◆ Brief ◆
Every line of the material below, from the top through the line with "氣象署預估今年春季氣溫偏高。（圖／黃威彬攝）", should be reproduced exactly.

◆ Supplied material ◆

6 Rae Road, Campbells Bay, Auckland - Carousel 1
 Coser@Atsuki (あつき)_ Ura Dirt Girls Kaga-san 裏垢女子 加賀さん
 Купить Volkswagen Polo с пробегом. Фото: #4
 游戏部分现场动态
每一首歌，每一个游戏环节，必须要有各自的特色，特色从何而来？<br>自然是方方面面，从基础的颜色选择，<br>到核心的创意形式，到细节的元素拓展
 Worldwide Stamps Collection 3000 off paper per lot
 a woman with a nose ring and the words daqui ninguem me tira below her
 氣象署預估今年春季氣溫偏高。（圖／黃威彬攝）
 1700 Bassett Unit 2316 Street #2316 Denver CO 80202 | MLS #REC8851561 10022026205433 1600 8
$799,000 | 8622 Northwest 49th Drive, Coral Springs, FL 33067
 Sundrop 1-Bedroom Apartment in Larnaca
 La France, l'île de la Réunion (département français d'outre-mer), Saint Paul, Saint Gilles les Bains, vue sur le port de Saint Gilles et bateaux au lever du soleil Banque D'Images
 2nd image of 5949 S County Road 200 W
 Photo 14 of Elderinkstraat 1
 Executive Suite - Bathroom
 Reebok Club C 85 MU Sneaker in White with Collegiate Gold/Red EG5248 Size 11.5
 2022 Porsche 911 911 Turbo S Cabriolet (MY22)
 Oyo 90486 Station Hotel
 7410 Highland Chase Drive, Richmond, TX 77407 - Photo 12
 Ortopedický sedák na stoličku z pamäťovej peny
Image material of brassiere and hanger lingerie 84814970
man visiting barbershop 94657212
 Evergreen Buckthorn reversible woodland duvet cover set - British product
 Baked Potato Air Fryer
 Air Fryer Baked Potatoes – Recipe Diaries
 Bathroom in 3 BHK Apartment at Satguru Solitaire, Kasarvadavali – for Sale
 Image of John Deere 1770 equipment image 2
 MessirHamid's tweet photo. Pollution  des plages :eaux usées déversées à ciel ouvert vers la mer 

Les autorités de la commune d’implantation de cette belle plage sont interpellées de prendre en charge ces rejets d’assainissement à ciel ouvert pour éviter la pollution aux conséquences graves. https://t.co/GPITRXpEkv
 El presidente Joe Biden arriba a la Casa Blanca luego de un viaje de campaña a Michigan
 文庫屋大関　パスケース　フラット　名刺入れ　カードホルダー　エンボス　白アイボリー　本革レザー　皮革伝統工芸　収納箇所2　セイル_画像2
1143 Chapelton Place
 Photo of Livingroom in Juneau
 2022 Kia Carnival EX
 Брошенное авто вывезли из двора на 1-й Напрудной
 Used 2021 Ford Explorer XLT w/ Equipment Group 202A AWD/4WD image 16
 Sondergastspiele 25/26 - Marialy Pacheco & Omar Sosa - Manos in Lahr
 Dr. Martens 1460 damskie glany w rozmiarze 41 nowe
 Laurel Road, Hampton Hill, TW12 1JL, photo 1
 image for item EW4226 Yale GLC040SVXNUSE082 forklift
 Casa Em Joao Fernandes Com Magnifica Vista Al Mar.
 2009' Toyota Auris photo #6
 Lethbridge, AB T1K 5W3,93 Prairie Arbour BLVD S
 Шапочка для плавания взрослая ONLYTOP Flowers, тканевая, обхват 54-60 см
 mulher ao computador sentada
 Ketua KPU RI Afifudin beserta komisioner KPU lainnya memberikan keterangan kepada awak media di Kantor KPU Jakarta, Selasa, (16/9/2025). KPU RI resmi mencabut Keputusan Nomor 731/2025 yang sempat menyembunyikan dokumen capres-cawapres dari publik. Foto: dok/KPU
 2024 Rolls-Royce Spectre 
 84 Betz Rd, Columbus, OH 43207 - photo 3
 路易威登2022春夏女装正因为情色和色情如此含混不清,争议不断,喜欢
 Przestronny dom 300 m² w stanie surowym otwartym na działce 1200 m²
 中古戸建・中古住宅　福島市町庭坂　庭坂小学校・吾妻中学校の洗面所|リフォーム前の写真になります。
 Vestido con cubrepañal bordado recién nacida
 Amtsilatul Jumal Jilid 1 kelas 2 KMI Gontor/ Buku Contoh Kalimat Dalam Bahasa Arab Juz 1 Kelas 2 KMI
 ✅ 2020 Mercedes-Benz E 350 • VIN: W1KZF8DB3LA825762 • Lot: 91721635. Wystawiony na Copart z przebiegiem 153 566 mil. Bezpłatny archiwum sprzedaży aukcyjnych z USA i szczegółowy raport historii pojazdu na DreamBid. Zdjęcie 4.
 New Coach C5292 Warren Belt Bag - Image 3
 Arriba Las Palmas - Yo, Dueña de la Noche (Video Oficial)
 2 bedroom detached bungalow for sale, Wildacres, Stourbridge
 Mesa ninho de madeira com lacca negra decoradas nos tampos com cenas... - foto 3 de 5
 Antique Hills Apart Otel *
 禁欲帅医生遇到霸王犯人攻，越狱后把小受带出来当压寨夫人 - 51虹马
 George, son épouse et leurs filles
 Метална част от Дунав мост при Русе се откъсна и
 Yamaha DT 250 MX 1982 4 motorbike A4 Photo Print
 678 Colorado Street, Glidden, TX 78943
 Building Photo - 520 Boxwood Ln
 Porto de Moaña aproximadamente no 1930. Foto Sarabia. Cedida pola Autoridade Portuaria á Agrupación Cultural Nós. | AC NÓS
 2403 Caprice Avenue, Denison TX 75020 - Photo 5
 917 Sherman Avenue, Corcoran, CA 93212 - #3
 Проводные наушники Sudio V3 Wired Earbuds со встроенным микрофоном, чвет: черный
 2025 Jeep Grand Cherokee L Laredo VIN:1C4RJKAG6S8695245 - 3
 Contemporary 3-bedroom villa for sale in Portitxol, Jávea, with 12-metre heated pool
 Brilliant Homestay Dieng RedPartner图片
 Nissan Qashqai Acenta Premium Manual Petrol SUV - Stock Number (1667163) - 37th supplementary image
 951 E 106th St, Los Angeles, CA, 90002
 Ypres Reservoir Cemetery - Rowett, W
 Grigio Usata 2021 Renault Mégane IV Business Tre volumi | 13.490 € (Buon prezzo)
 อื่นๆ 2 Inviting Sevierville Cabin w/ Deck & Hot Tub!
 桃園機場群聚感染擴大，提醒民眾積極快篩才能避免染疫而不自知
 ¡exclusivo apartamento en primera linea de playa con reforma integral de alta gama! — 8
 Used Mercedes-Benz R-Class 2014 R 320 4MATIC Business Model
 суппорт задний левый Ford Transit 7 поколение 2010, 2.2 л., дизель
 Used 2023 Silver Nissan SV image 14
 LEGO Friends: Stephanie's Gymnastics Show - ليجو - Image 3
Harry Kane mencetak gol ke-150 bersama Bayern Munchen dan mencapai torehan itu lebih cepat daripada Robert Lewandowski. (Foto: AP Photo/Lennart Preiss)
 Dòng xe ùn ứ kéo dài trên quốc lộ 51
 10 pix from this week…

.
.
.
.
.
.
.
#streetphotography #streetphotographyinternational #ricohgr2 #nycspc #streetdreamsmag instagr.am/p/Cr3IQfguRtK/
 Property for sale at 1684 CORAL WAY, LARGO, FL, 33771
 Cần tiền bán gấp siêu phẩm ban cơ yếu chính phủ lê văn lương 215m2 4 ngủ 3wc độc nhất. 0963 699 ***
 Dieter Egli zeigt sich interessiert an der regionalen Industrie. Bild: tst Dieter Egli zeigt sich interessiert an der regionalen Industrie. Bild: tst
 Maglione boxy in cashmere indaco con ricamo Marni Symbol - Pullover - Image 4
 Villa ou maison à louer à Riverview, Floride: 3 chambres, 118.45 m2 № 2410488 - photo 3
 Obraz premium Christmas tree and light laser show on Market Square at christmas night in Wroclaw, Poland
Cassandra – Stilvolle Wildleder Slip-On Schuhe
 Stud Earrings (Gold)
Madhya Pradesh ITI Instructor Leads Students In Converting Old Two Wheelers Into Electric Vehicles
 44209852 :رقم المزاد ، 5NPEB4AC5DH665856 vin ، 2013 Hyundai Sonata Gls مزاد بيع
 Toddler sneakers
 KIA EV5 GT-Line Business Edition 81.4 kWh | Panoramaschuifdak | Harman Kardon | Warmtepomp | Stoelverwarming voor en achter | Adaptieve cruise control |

◆ Result for this task ◆
6 Rae Road, Campbells Bay, Auckland - Carousel 1
 Coser@Atsuki (あつき)_ Ura Dirt Girls Kaga-san 裏垢女子 加賀さん
 Купить Volkswagen Polo с пробегом. Фото: #4
 游戏部分现场动态
每一首歌，每一个游戏环节，必须要有各自的特色，特色从何而来？<br>自然是方方面面，从基础的颜色选择，<br>到核心的创意形式，到细节的元素拓展
 Worldwide Stamps Collection 3000 off paper per lot
 a woman with a nose ring and the words daqui ninguem me tira below her
 氣象署預估今年春季氣溫偏高。（圖／黃威彬攝）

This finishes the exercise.